Omg this story made me shudder. One time I took my previous Spoo (r.i.p) to a groomer that seemed nice & my family had heard around my town she did a decent job so we decided to give her a try. My mom had dropped him off there once or twice before with no problems and then it was my turn to take him for a haircut. I dropped him off and when I did he was a happy, bouncy dog but I did notice she had many dogs that day, and she was just one woman alone doing it. I was 17 at the time and to me no red flags stood out then, but in hindsight - she seemed overwhelmed & short with the dogs... Suddenly I got a call from her after his groom telling me that something was “wrong” with him. When I rushed to pick him up, he literally could not walk. He could not stand. I ran over to him and held his head in my hands and his eyes looked somewhat glazed over.
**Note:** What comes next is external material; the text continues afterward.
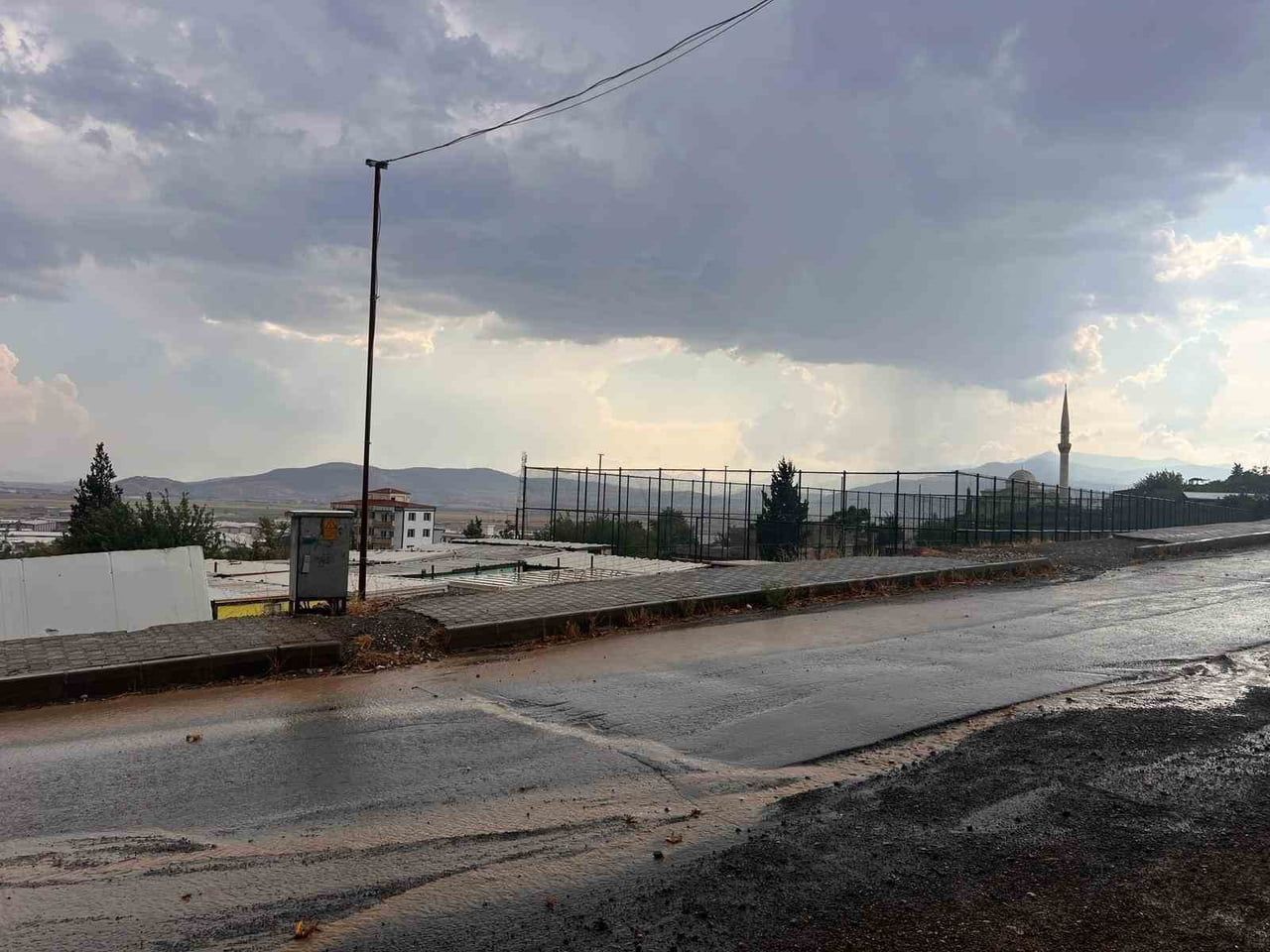 KENTİN ENGEBELİ VE EĞİMLİ YAPISI, YAĞIŞ SULARININ KISA SÜREDE TAHLİYE OLMASINI SAĞLARKEN, HERHANGİ...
I confronted the groomer and asked her what she did or what she GAVE to my dog - of course she got defensive but also was responding suspiciously. I had to literally carry him to the car, and he was not right for almost a week-2 weeks after. He was lethargic, could barely walk far outside without having to lay down etc.

He did recover from that - thank God, and we never did find out what truly “happened” that day. We were ALL traumatized & from that day forward - we groomed him solely ourselves. Still, when I think back to this, I feel emotional knowing what he went through.

With my new puppy, I will be grooming him myself.

(This was my experience and in no way am I saying Groomers as a whole are bad!)


----------